- **What you need to do**: Without the pictures, write out all the lines below exactly as they appear.

- **Raw data**:

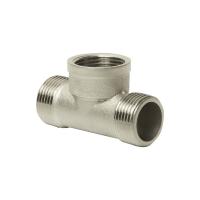 Тройник 3/4'' нар/вн/нар VRT® никель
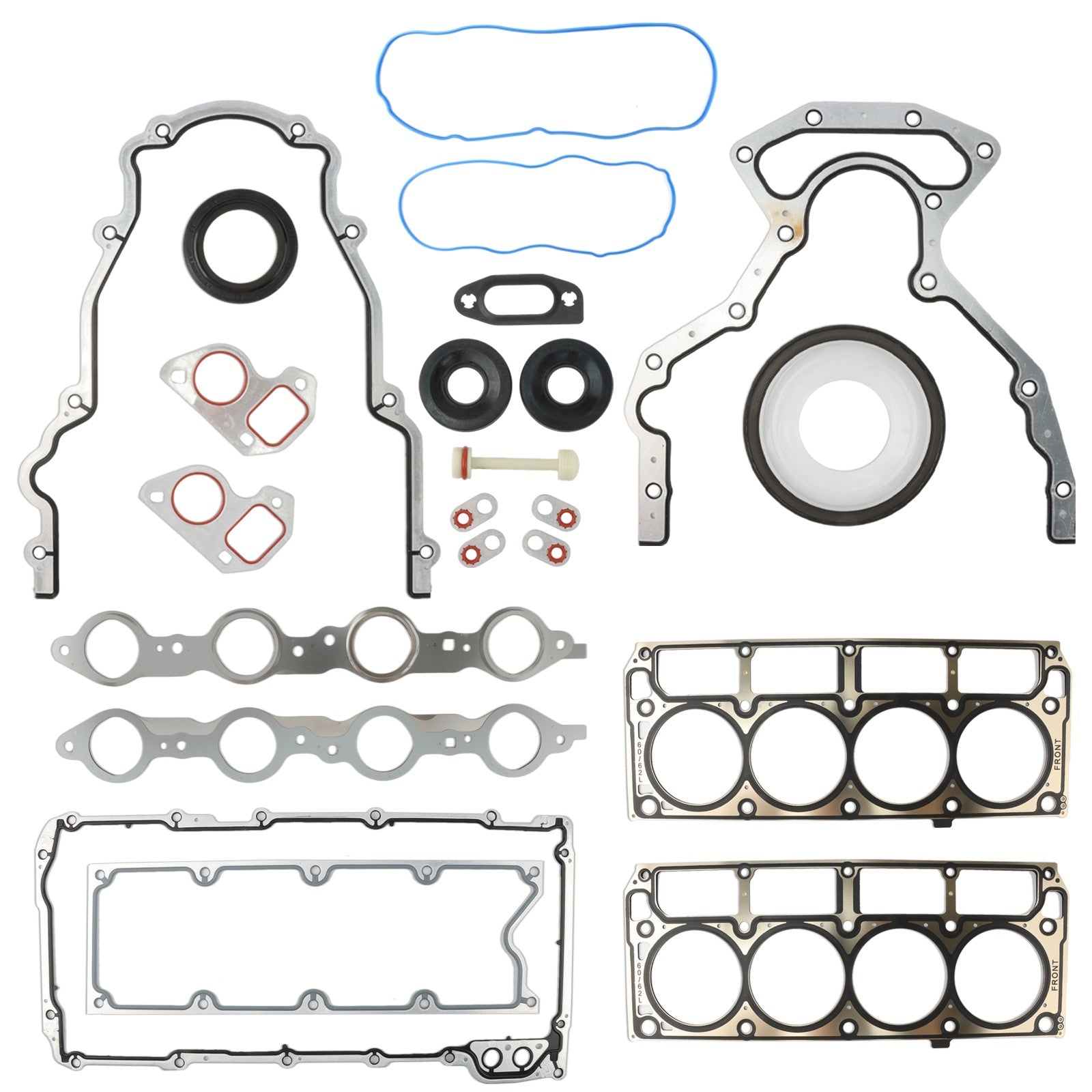 12573460 12622033 Suitable for LS1/LS6/LQ4/LQ 9/4.8/5.3 gasket kit T598129 12585673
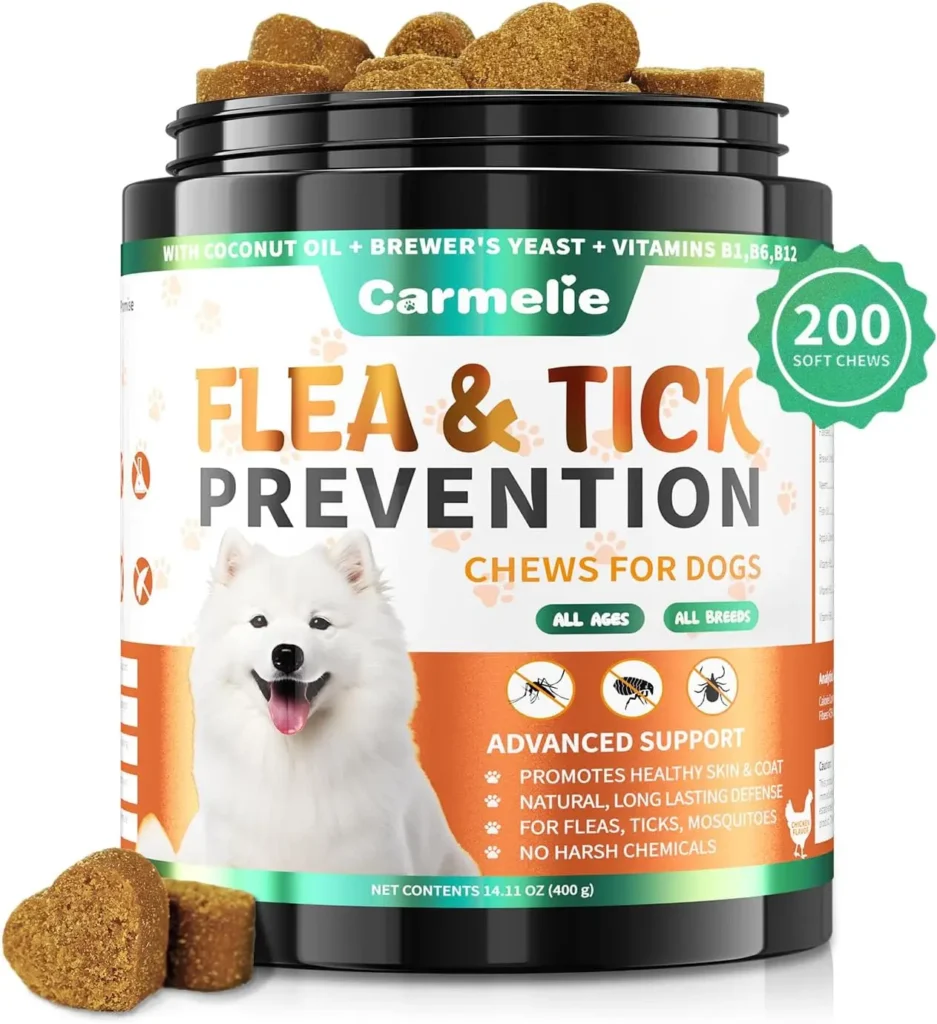 Flea And Tick Chews For Dogs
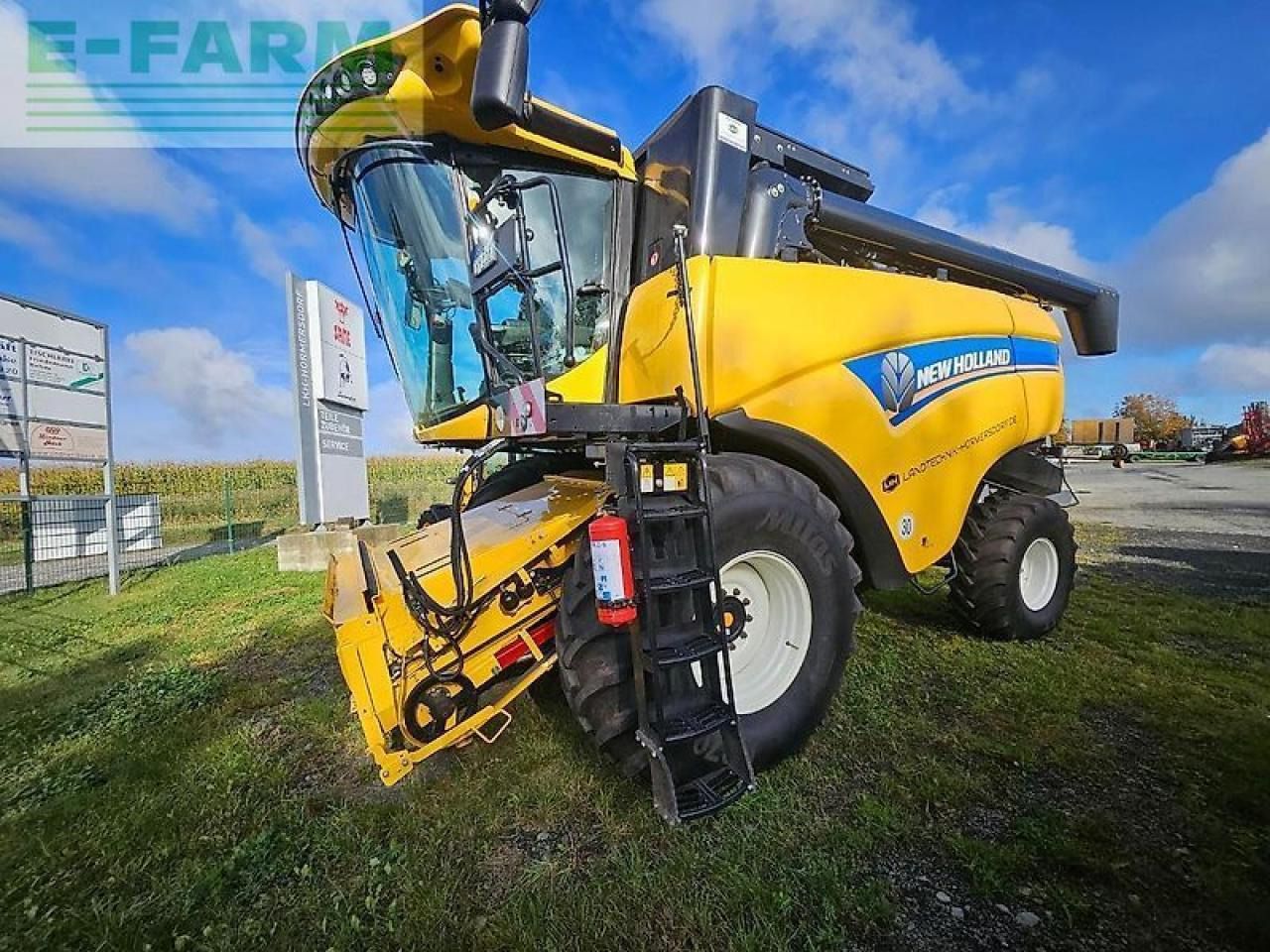 New Holland cx 6.90 mit ultraflowtrommel !!! - Pemanen gabungan: gambar 1 New Holland cx 6.90 mit ultraflowtrommel !!! - Pemanen gabungan: gambar 1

- **Finished task**:
 Тройник 3/4'' нар/вн/нар VRT® никель
 12573460 12622033 Suitable for LS1/LS6/LQ4/LQ 9/4.8/5.3 gasket kit T598129 12585673
 Flea And Tick Chews For Dogs
 New Holland cx 6.90 mit ultraflowtrommel !!! - Pemanen gabungan: gambar 1 New Holland cx 6.90 mit ultraflowtrommel !!! - Pemanen gabungan: gambar 1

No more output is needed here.